___ DATASET ENTRIES
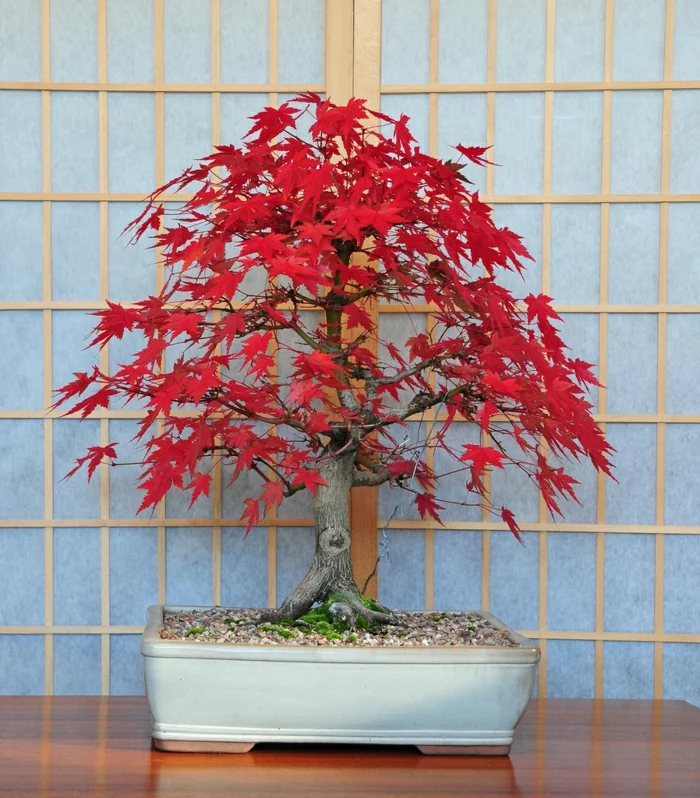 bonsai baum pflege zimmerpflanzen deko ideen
______
___ DATASET ENTRIES
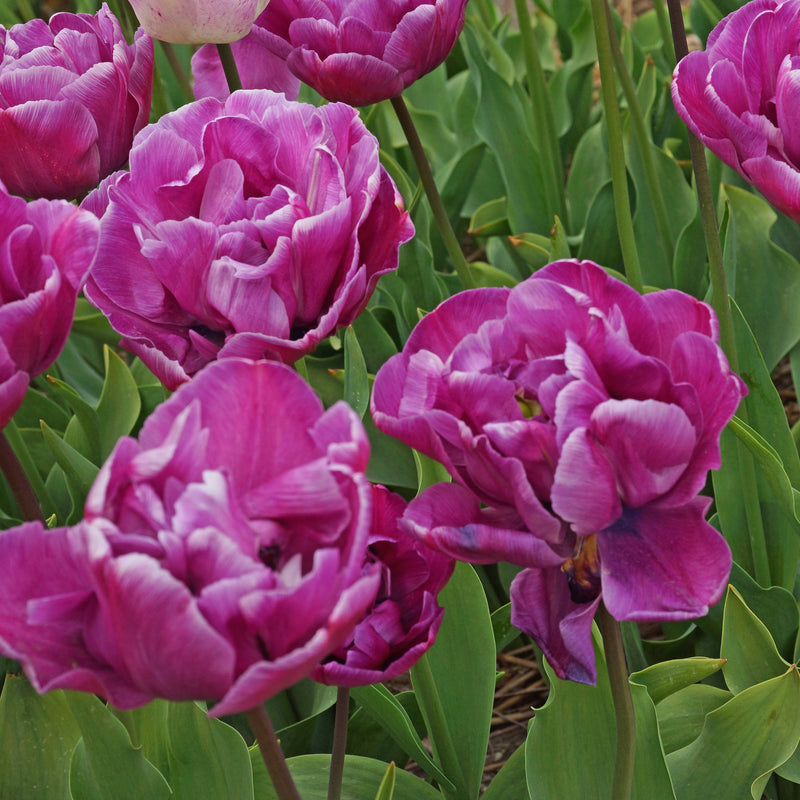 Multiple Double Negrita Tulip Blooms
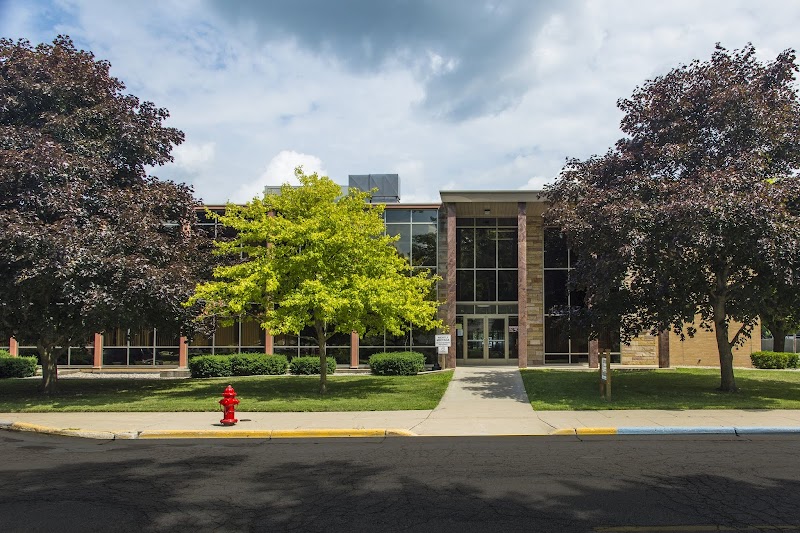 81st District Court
______
___ DATASET ENTRIES
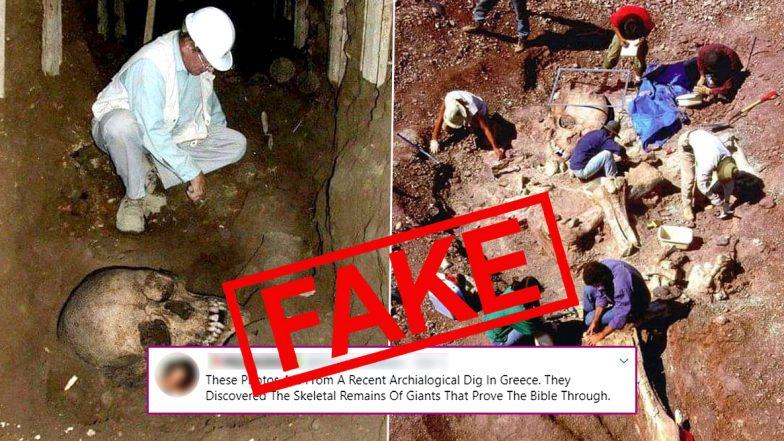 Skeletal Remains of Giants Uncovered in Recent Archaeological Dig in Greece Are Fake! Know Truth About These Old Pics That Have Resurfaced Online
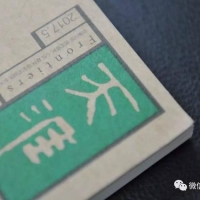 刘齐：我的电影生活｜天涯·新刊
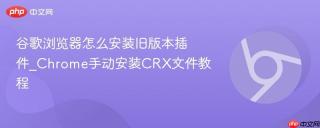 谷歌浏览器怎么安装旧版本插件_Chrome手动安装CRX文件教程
______
THE PROBLEM: Taking the material above, give again exactly the lines from the one holding "刘齐：我的电影生活｜天涯·新刊" through the one holding "谷歌浏览器怎么安装旧版本插件_Chrome手动安装CRX文件教程", with both ends and without pictures.

RESULT FOR THIS EXERCISE:
 刘齐：我的电影生活｜天涯·新刊
 谷歌浏览器怎么安装旧版本插件_Chrome手动安装CRX文件教程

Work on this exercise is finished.